Direct method reconstruction of the GaAs(111) (2x2) surface

Dilano Saldin's research has focussed on the use of scattering methods for the elucidation of the structure of materials on the atomic scale. Work has included the theory of electron microscope images of lattice defects, optical holography and phase conjugation, including four-wave mixing, the theory of x-ray absorption (XAS) and electron energy loss spectroscopy (EELS) of materials such as metal oxides and perovskite high temperature superconductors. Current interests include the structure of liquid crystals, and the novel capabilities offered by the x-ray free electron lasers (XFELs), currently under construction. In particular a recent focus has been on the development of novel diffraction techniques for determining the structures of non-crystallized biomolecules. These include the determination of the structures of membrane proteins in situ, of protein molecules in solution, and the so-called "diffract and destroy" method whereby the structure of a biomolecule or virus is reconstructed from diffraction patterns formed by ultrashort. high-intensity x-ray pulses from an XFEL before the particle is destroyed by the x-ray pulse. One of the techniques used is the reconstruction of single-particle diffraction patterns from angular correlation functions. 

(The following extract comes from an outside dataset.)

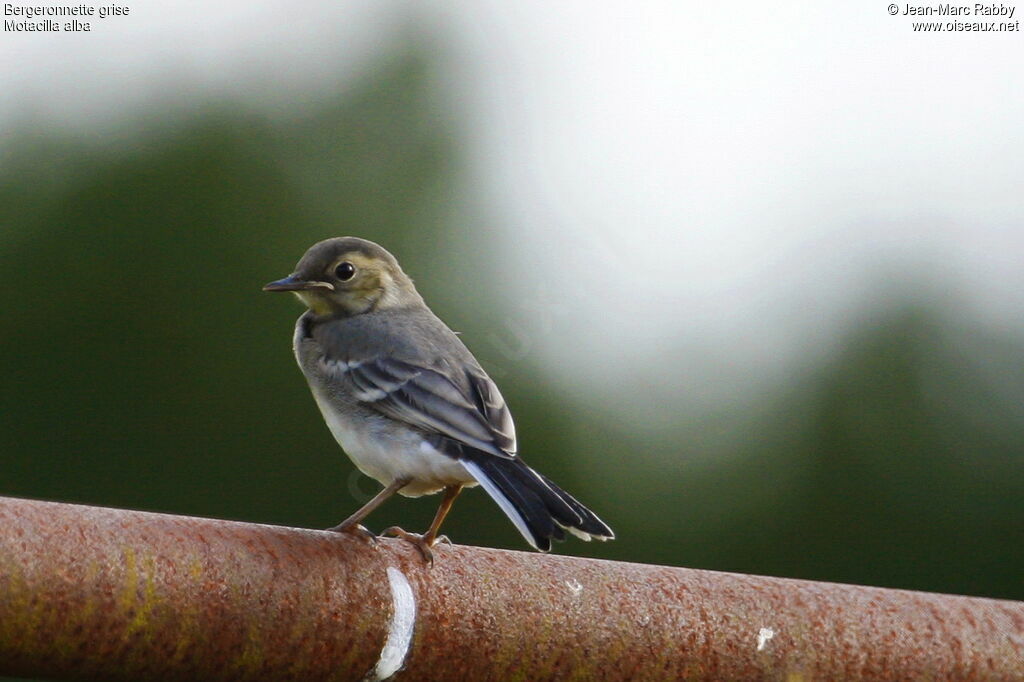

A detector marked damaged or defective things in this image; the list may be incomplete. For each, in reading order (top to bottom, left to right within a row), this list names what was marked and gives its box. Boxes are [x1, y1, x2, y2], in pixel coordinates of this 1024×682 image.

rusty metal pipe [0, 493, 1019, 679]
rust spot on pipe [0, 493, 1019, 679]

Ultrasonic properties of URu_2Si_2

Bimal Sarma's interest in condensed matter is the study of materials in extreme environments -- at extremely low temperatures and extremely high magnetic fields. Sarma, whose work has spanned a wide arena of experimental physics from neutron diffraction to low-temperature techinques, has been concerned with the use of sound waves to investigate phase transitions and the actual phases themselves in magnetic systems and superconducting/superfluid systems. Sarma's landmark study of heavy-fermion superconductors showed the existence of a metallic superconductor whose microscopic behavior does not conform to the standard BCS model of electron-pairing and led to the remarkable discovery of multiple superconducting phases in UPt3. Sarma's current studies involve high-Tc and heavy-fermion superconductivity and the phases of materials in some of the highest magnetic fields. 

Calculated spectral weight for interfacial graphene on 6H-SiC(0001) and for epitaxial graphene

Michael Weinert's research is focused on understanding the electronic, magnetic, and structural properties of complex materials at the atomic level, primarily through the use of first-principles electronic structure calculations. Much of his research is done in close collaboration with experimentalists, both at UWM and elsewhere. Research topics include the effects of external electric fields on the electronic and magnetic properties of surfaces, interfaces, and nanostructures; phase stability of alloys and the role of defects; the electronic structure of oxides and related systems; magnetic semiconductors; the interpretation of various electron spectroscopies (e.g., STM, APECS, photoemission); and the development of new computational approaches and high-performance (parallel) computing applied to materials physics.